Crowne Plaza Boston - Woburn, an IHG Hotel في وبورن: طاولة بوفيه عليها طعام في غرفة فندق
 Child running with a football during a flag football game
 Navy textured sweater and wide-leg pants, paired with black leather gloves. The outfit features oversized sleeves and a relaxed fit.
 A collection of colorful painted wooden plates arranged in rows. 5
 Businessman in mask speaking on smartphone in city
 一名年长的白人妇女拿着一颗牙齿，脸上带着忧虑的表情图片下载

Instructions to follow: Each line in the data above either holds "with" or does not. State how many do, as a bare number.

Final answer: 2